Chennai weather gets wet boost from climate change

Such extreme weather events like intensive bursts of rain are also attributed to climate change.

By :  R Mohan
Update: 2016-10-03 00:54 GMT
Representational image

The city had to take close to 50 cms of rain in less than 36 hours on December 1 and 2 last year. It was blamed on a freak storm, said to be the mother of all storms to have hit this part of the coast in a long time.

Such extreme weather events like intensive bursts of rain are also attributed to climate change. So it is not an unalloyed blessing, nothing is. The lesson to be learnt is the world is changing and man has to adapt to change isf he is unable to challenge the change itself and reverse it. It is a long fight against climate change and India has just formally joined it on Sunday.

While we dig in for the big fight for the sake of our planet, at least Chennaiites can say we don’t mind a wetter city provided the infra works to take the water away.  
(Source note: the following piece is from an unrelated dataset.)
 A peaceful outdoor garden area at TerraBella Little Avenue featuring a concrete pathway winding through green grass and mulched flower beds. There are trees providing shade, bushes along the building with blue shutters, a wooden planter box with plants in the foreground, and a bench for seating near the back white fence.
Mercifully, on the September night of the big rain, the drains worked on Anna Salai and other main roads and navigating the wet roads at night was not a nightmare. The question is whether Namma Chennai will come through as well from the major monsoon months of October and November (and the first half of December) in which the city gets 40 to 50 per cent of its annual rainfall. Look at the state of the drains, clogged with refuse on every street, and you know the disaster of flooding is only a couple of successive days of heavy rain away.

Meanwhile, the weather apps are having a field day telling us all about the wind, humidity, dew point, pressure and UV index. But not too many weather pundits foresaw the amount of rain that would come from the predictable period of thunderstorms. The intensity of rain in any one area is not easy to predict unless real time radar images are available. Even there, the forecast would be effective only for the next hour or so. Anyway, the southwest monsoon, at its most intense in Telangana and Andhra Pradesh, contributed amply to Chennai’s water requirements until the Northeast sets in.

The onus is now on the Northeast to add to the largesse of its Southwest counterpart for Chennai as the moist winds hit the Himalayas and come back south. Before we begin getting all these forecasting signals from weather pundits about normal monsoons, let us reflect on what an inexact science this business of forecasting is, despite all the modern refinements.

Maybe, the NE would shed some water on the Cauvery catchment too so that our friends across the border are not so worked up over worrying about running out of drinking water that they start thinking of importing the stuff from the original Silicon Valley.

Siri and her American training are also leading to a bit of fun as the AI app converses with iPad users. Ask her about the weather and she says the outlook is not so good in her rich accent. While a daytime high of 32 Celsius is like winter for a Chennaiite, Siri disagrees, saying “Not such a good day I am afraid.” Hot, cold, wet and dry weather are, perhaps, all in the mind, which is why climate is such a relative phenomenon.

One man’s snow is another man’s ski slope. The guy in the desert will be jumping with joy if it rains whereas Siri is anxious about her friends getting wet if they are setting out so much as to play a round of golf in suburban America. There were days in parched Chennai when a famous violinist would stand on a dry riverbed and play away like a man possessed hoping to wake up Lord Varuna or Pluvius.

A government of the day once invested money in seeding clouds from a light airplane hoping to coax the cumulus nimbus or its cousins to drop some water over our City by the Bay.

It is when Nature is willing to bestow our favours on us and we show unwillingness or incapacity to benefit from it that makes the blood boil.
Which will it be during the Northeast is the questions.